Without a bank financing deal in place, Adelphia still faces a major cash crunch. With the company burning through about $1 billion a year just to operate the business, more capital is sorely needed to stave off a bankruptcy filing.

Last Thursday, recently resigned chairman and CEO John Rigas left Adelphia's nine-member board of directors, along with his three sons: former chief financial officer Timothy Rigas, executive vice president of operations Michael Rigas and executive vice president of strategic planning James Rigas. Michael and James Rigas also resigned as company officers.

John and Timothy Rigas had earlier stepped down as executives, but retained their seats on the board.

Peter Venetis, a son-in-law of John Rigas, also is expected to step down from the board, although reports last Friday said he was resisting the demand that he resign.

If Venetis leaves, that opens five seats on Adelphia's nine-member board of directors. The Rigases can name two non-family members, leaving the rest to Adelphia's largest individual shareholder, Citizens Communications Co. chairman Leonard Tow.


Tow has pressed Adelphia to give him three board seats — for himself, Citizens vice chairman Scott Schneider and the telco's president, Rudy Graf.

Tow, who owns about 12 percent of Adelphia stock, had threatened legal action unless Adelphia gave him the seats. He claims he's entitled to them after selling his MSO, Century Communications Corp., to the company in 1999.

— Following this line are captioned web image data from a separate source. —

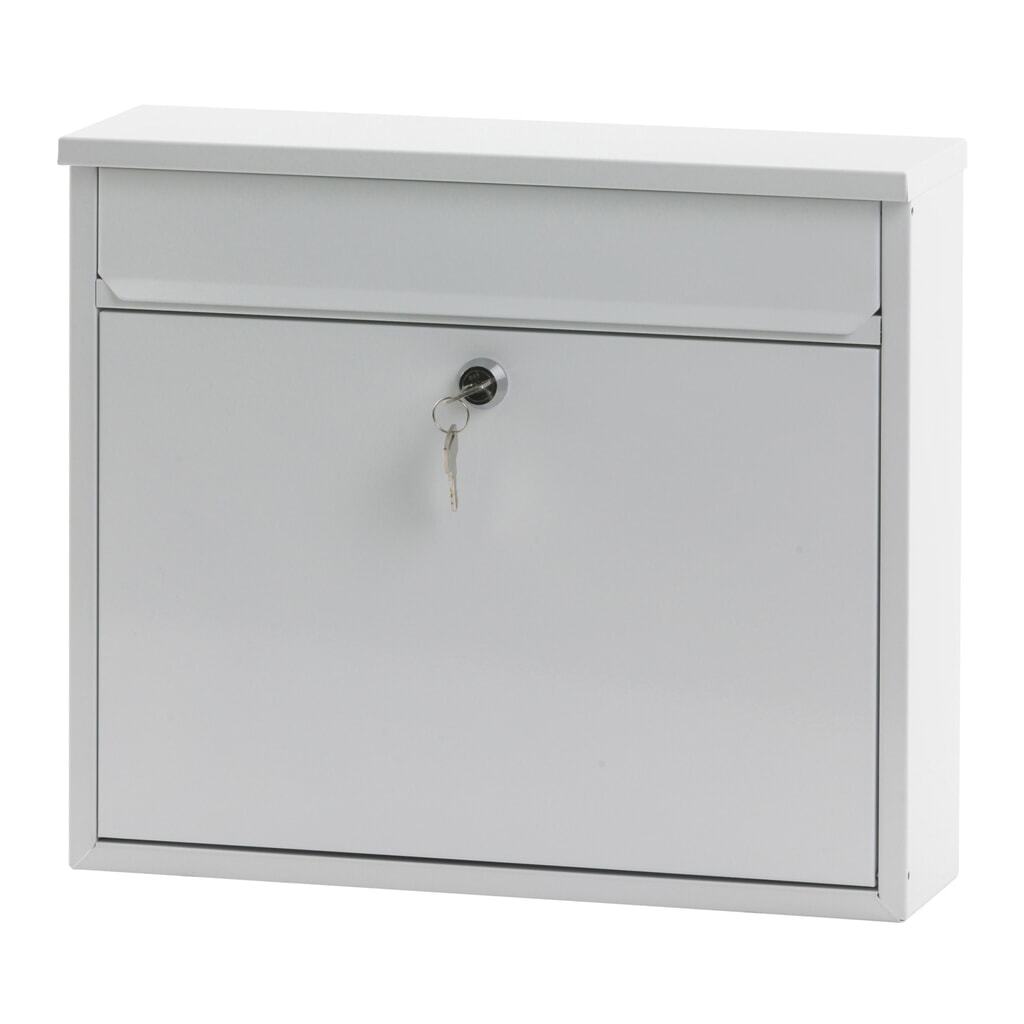 Illustration du produit: Boîte aux lettres murale Granadan, avec serrure à cylindre, en acier galvanisé, blanc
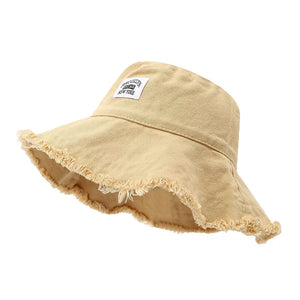 Frayed Hem Bucket Hat in Light Yellow with frayed hem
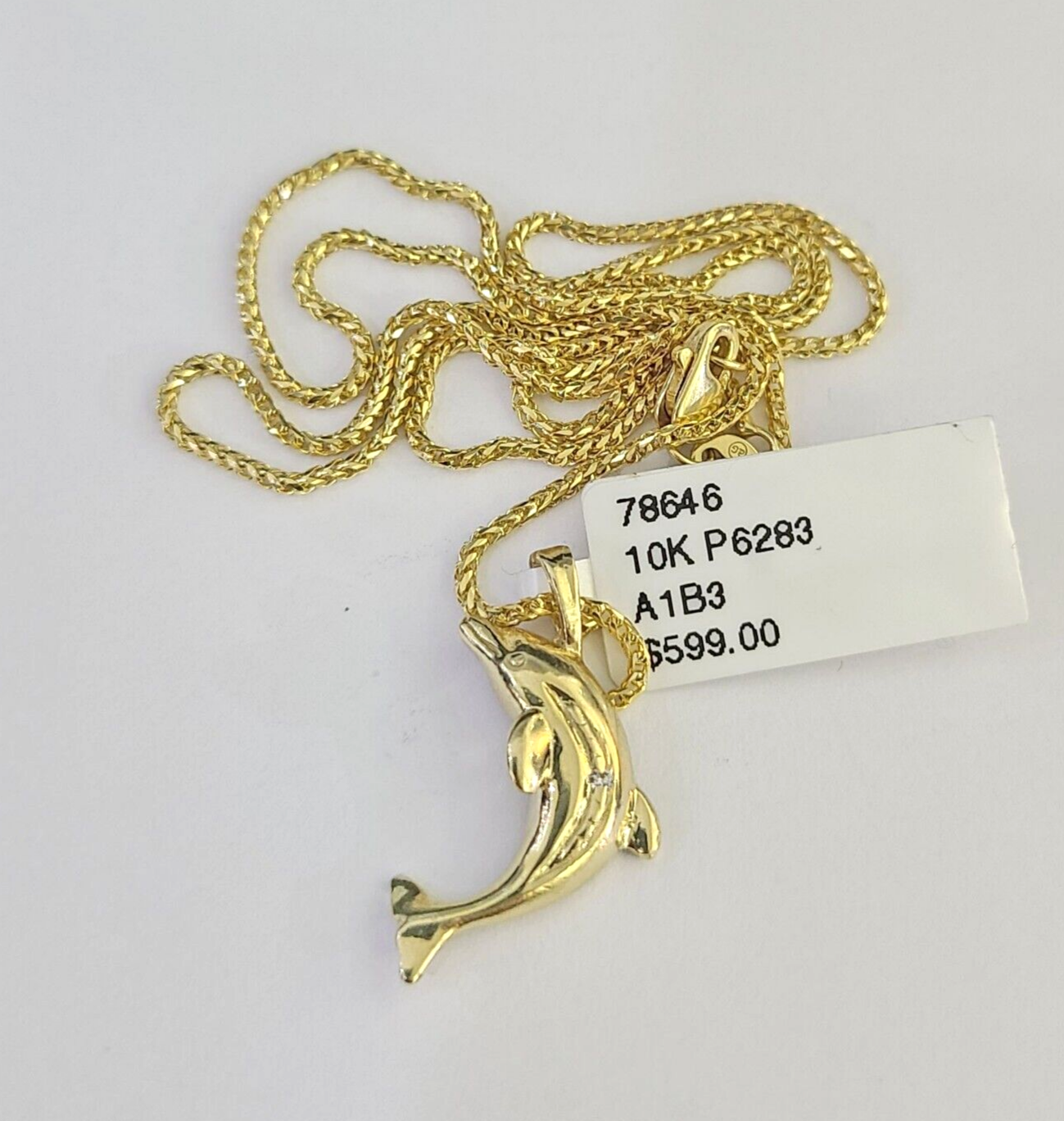 10K Solid Franco Chain Dolphin Pendant Charm Necklace 16"-22" 1mm Gold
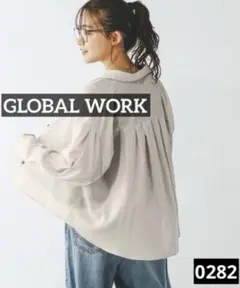 0282 GLOBAL WORK イージーケアリネンバックフレアシャツ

Adelphia also revealed that it's on the hook for about $3.1 billion in debt from Rigas holdings — about $600 million more than had originally been thought.

Adelphia did not provide any details as to where that additional debt came from, but stated in a press release Thursday that it would file an "8-K" report with the Securities and Exchange Commission on Friday, "disclosing certain related-party transactions."

In a research report, UBS Warburg LLC high-yield cable analyst Aryeh Bourkoff said the additional debt might stem from a $500 million bank facility from Adelphia Business Solutions (ABIZ) — Adelphia Communications's competitive local-exchange carrier subsidiary — as well as $100 million of credit support pledged to the CLEC.

As part of the agreement, the Rigases will forgive $567 million in convertible Adelphia bonds it owns in return for being relieved of obligations to purchase $202 million in Adelphia stock. In addition, Adelphia will assume primary liability for $365 million of co-borrowings by the Rigas family entities.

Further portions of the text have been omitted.